To effect an exchange of the tool and die combination illustrated in FIG. 5 for a larger tool and die combination, the die adapter 178 is released from engagement with the die index ring 166 in the annular recess 181 and together with die 198 is removed from the central opening 169. A larger die is then positioned within the annular recess 181 and is locked in position on the die index ring 166 by the key 188 positioned in the keyway 190 aligned with a corresponding keyway of the larger die. To correspond with the die change, the tool holder 92 is disengaged from the swing arm 84 by operation of the locking device 90 and is replaced with a tool holder arranged to support a coordinating punching tool. Thus, the punching apparatus 10 provides a versatile tool punching and die support structure for performing a variety of punching operations.
FIGS. 4, 5 and 7 illustrate the punching apparatus 10 in punching position in which the swing arm 84 and attached tool holder 92 are vertically aligned with the ram housing 70 and the die 198 such that the axis of the punch ram 68 passes through the aligned axis or center lines of the punching tool 112 and the die 198.
To maintain the swing arm 84 rigidly secured to the upper arm portion 14 and in punching relationship with the ram housing 70, an annular opening 204 is provided in the ram housing intermediate portion 73 and is coaxially aligned with a bore 206 provided in the swing arm 84. A flanged sleeve member 208 having a bore 210 is positioned within the annular opening 204 and includes a flanged end portion 212. Bolts extending through the flanged end portion 212 threadedly engage the sleeve member 208 to the ram housing 70 within the opening 204. A bushing 214 is axially positioned within the bore 210 of the sleeve member 208 and has a lower end portion which is positioned in co-planar relation with the bottom surface of the ram housing 70.

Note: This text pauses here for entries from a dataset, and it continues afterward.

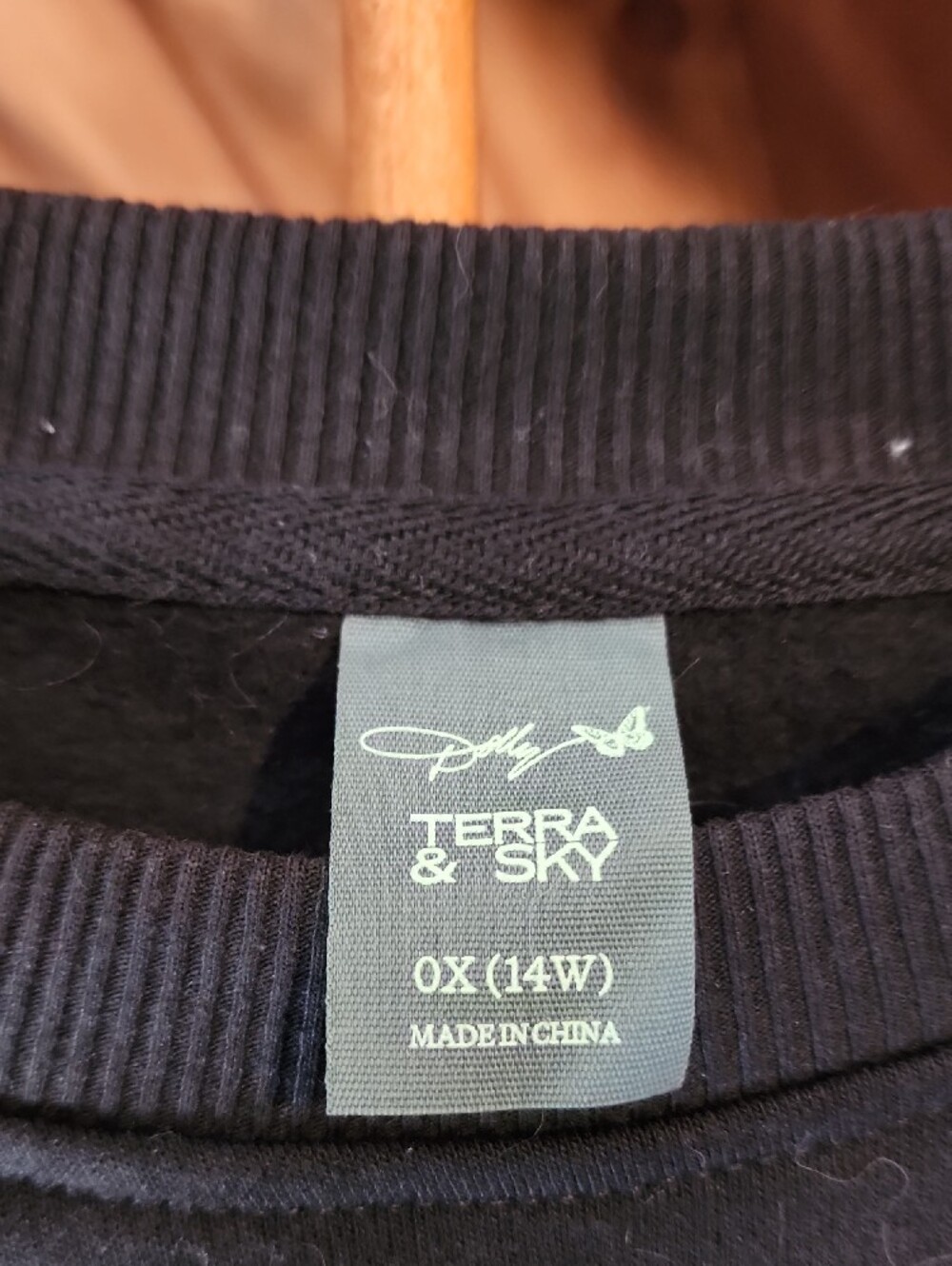 Terra & Sky Black Pullover Sweatshirt with Guitar Wing Graphic and Red Stars - Picture 5 of 5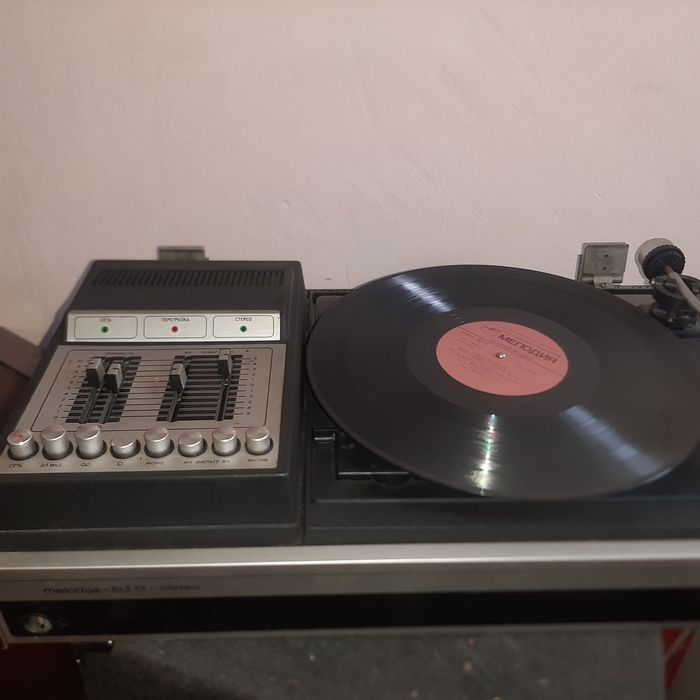 Проигрыватель винила Радиотехника Мелодия 103 с колонками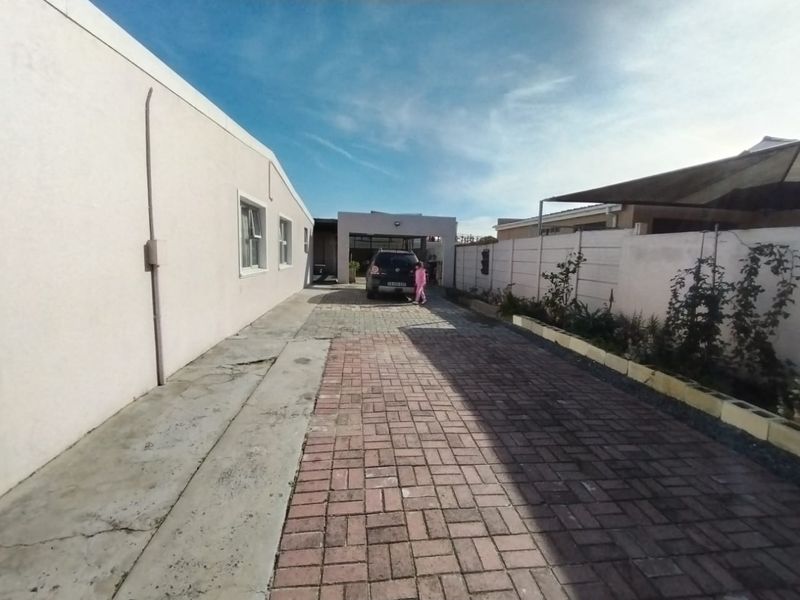 Spacious 6-Bedroom Home with Excellent Rental Potential – R12,000 Monthly Income Possibility for Sale in Bridgetown. - Photo 4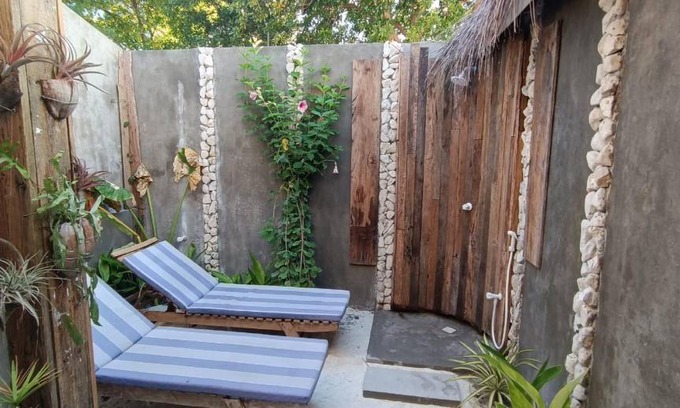 Rasdhoo Bed & Breakfast | Pet-Friendly Bed and Breakfast with Ocean View for 5 Guests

A cylindrical sleeve 216 is positioned within the bore 206 of the swing arm 84. When the swing arm 84 is positioned in punching relationship relative to the ram housing 70, the sleeve member 216 is axially aligned with the bushing 214 to thereby provide a bore 218 for slidably receiving a pin 220. When the pin 220 is positioned within the bore 218, the swing arm 84 is engaged to the upper arm portion 14 and the tool holder 92 is securely retained in punching relationship with the ram punch 68 and the die 198.
The slidable movement of the pin member 220 into and out of engagement with the aligned bushing 214 and sleeve member 216 is accomplished by operation of a piston cylinder assembly generally designated by the numeral 222 positioned in the ram housing 70. The piston cylinder assembly 222, shown in detail in FIG. 7, includes a cylinder 224 having a piston and an extensible piston rod 226 attached thereto. The cylinder 224 is supported in the upper arm portion 14 by a bracket 228 which is fastened to the sleeve member 208. The extensible rod 226 is secured to the end portion of the pin 220 so that the piston cylinder assembly 222 is operable upon actuation to extend and retract the pin 220 in and out of the sleeve member 216 of the swing arm 84.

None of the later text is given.